The Kremlin, host to the G-20 summit this past September, gave out “freebees” to the guests consisting of USB Memory Sticks and phone and tablet chargers.
A suspicious attendee asked the German Security Services (BND) to check the devices. The BND experts found that both the memory stick and the hand-out phone charger contained a trojan horse that linked information on the devices back to the Russians, presumably the Russian secret services.
A modern USB port has four wires –two of them are for charging and two others are for data exchange. Since the trojans were hidden in the memory chip of the charger and the USB stick, it was a simple matter to move these hidden files, which are trojan horses, into the mobile phone, laptop or tablet of the users.
This is a trick that was already done by the Chinese which deeply affected U.S. forces in Iraq and Afghanistan. The Chinese uses the flood it and watch approach, not too different to what NSA has been doing scooping up millions of phone logs. Essentially the Chinese put the bugs in every USB flash memory stick it manufactured (which is virtually all of them) so everyone would be infected. Then using supercomputers, generously provided by the United States, the Chinese had the luxury of search files and information on millions of mobile devices, laptops and desktops seeking out specific persons or critical information.
The same thing happened in Korea where Army personnel charged their mobile devices on sensitive networked computers. The trojans, that got onto their mobile devices in various ways, instantly migrated onto classified computers and the data became available to the intruders, presumably the Chinese.
There are a lot of malicious phone chargers around, as reported recently by Forbes.
So what can you do?
Here are some rules to follow:
1. Never charge your phone on your PC or on anyone else’s PC (including laptops and tablets with USB ports). Either you could inadvertently put malware on your PC (and onto the network that it may be connected to as well), but it also can result in malware being transferred to your mobile device.
2. Use only the charger provided to you by the product manufacturer.
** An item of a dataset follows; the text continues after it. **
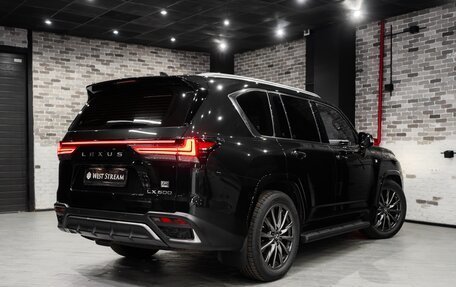 Lexus LX, 2023 год, 16 800 000 рублей, 3 фотография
3. Keep the charger with you –don’t leave it sitting around. It is easy for a malefactor to switch it out with a bugged device. You will never know. This can happen easily in a foreign hotel.
4. Consider buying a charging cable that does NOT have data lines in it. These are far safer. Keep it safe and away from others. Another alternative: by a security adapter for your USB connection. Here is one adapter available at a reasonable price.
5. All memory sticks are risky and suspect. Consider investing in a U.S. made secure memory stick. Keep it on your person.
6. Never charge your phone, tablet or laptop at a public place such as an airport or a train station or at a free charging station unless you have put in place a locking device in your connecting cable.